A FEW years ago I was working in a large building converted into numerous small offices spread over several floors, with only a tiny basement kitchen. The company employed a team of runners who could be summoned to fix this or that, fetch notebooks or paperclips, and every morning take lunch orders. The runners were all bright young things, eager to please. One young lady was particularly charming.
‘Would you like some lunch, Mr Jamnik?’
‘Yes, thank you. Any soup, and any two other items – a bag of crisps or fruit. I don’t mind what.’
‘Cool,’ she replied, scribbling in her notebook.
The next day the same order, soup plus any two other things. ‘Cool’, again the reply.

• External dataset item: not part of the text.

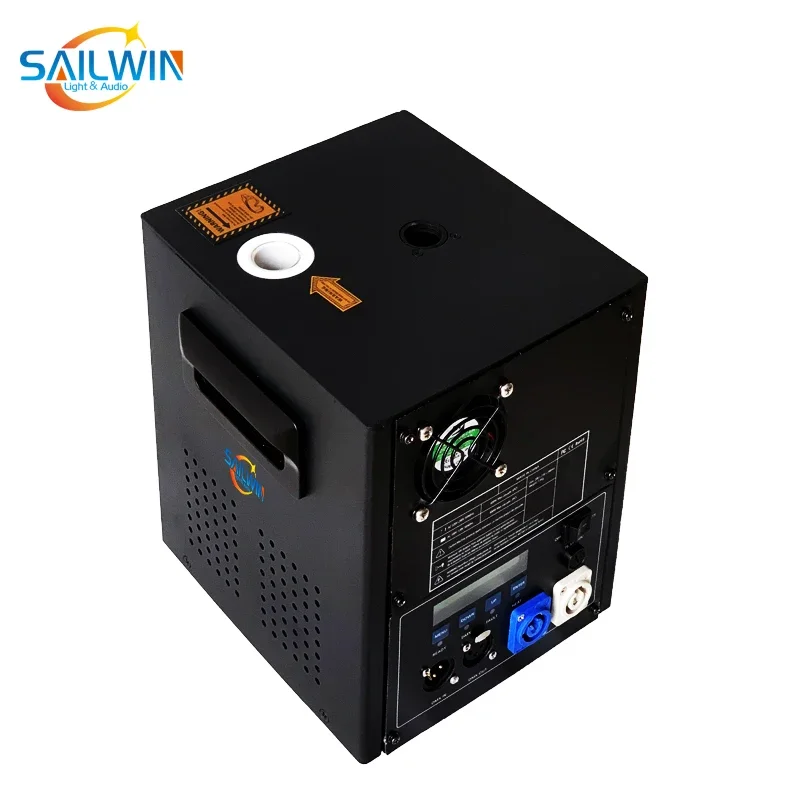 Sailwin Hot Selling Product Wireless Cold Spark Machine Fireworks Pyrotechnics Machine For Wedding DJ Stage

By the middle of the second week I was getting a bit hot and bothered with all this ‘cool’ business, and so the following day when the young lady came in for my order, I prankishly said: ‘Any soup, I don’t mind what. And any two other items. Oh and by the way, make sure that the soup is hot. Very hot.’
‘Cool,’ she replied.
‘NO, NOT COOL,’ I yelled. ‘HOT HOT HOT!’
She lowered her notebook and peered at me uncomprehendingly. I might have been speaking Mongolian.

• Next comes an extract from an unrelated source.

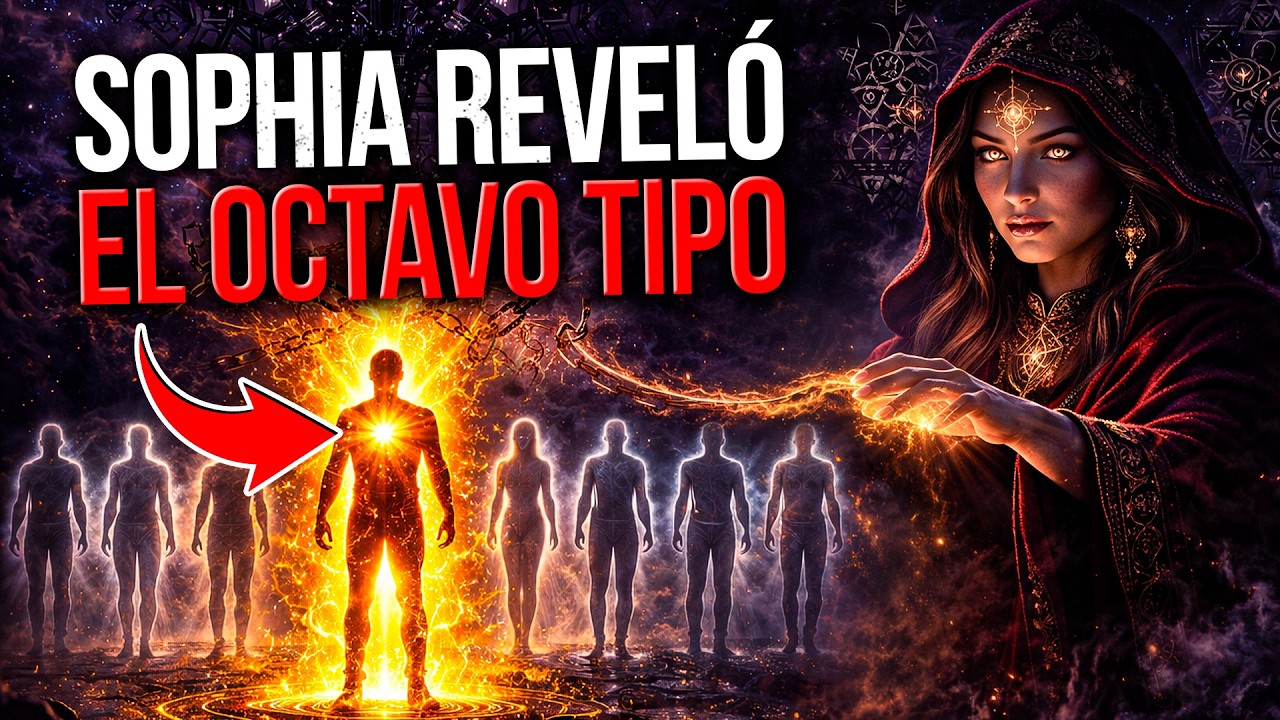 SOFHA enseñó sobre los 8 tipos de elegidos — solo UNO puede destruir el sistema de los arcontes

A couple of weeks after that a young man was taking the lunch orders. I could tell it was his first day. ‘May I take your order for lunch now, or shall I come back later?’ he asked.

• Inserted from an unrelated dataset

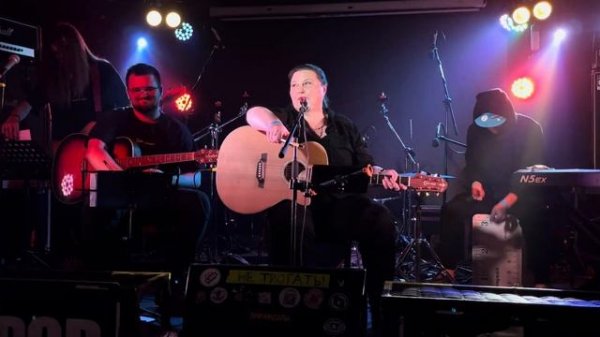 Марина Брыкова - Авторские песни (04.08.2024)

‘Oh, you can take it now, thank you,’ I began. ‘Get me a soup, any soup, I don’t mind what, and any two other items – a bag of crisps or fruit. You choose.’
‘Awesome,’ he replied.
I appreciate people using sophisticated words, but I just can’t stick hyperbole: it drives me insane.
Two young ladies were on the front reception desk. Again they were charming and eager to please, but were afflicted with verbal mannerisms like the runners.
Me: ‘Do you have a hole punch I could borrow?’
Receptionist: ‘Yes, use this one.’
Me: ‘Thank you.’
Receptionist: ‘No problem.’
Everything was no problem. Can I nick some pencils? No problem. Can I leave my bag here? No problem. I have to pop out to the bank. No problem.
Once I was waiting in reception to greet a client.
Receptionist: ‘Can I get you a coffee while you’re waiting?’
Me: ‘No thank you. I have a very weak bladder.’
Receptionist: ‘No problem.’
Me: ‘Oh but you’re wrong there. It causes me endless problems.’
A moment’s silence.
‘Ha ha. Cool.’
A week or so after that merriment, I was in my office and trying to think of a word. I had been going through some files that a client had supplied, and the cross-referencing system he had devised was so thorough and user-friendly, I felt that it should be specially praised. I wanted to say something like the system was ‘without a possibility of making an error’ or ‘difficult to go wrong’ or ‘was flawless,’ but the mot juste eluded me.
As my office had no internet connection I went down to reception.
‘I’m trying to think of a word,’ I said. ‘It means not possible to make a mistake. Without a fault. Can you go on to Google for me?’
So on to Google she went.
‘Type in “faultless”,’ I said. ‘That’s not the word I want, but it’s close. See what comes up.’
I watched in dismay as she typed f o r t l e s s into the search field.
Perhaps I shouldn’t get so hot under the collar about all this, and instead find somewhere quiet where I can lie down and try to be cool.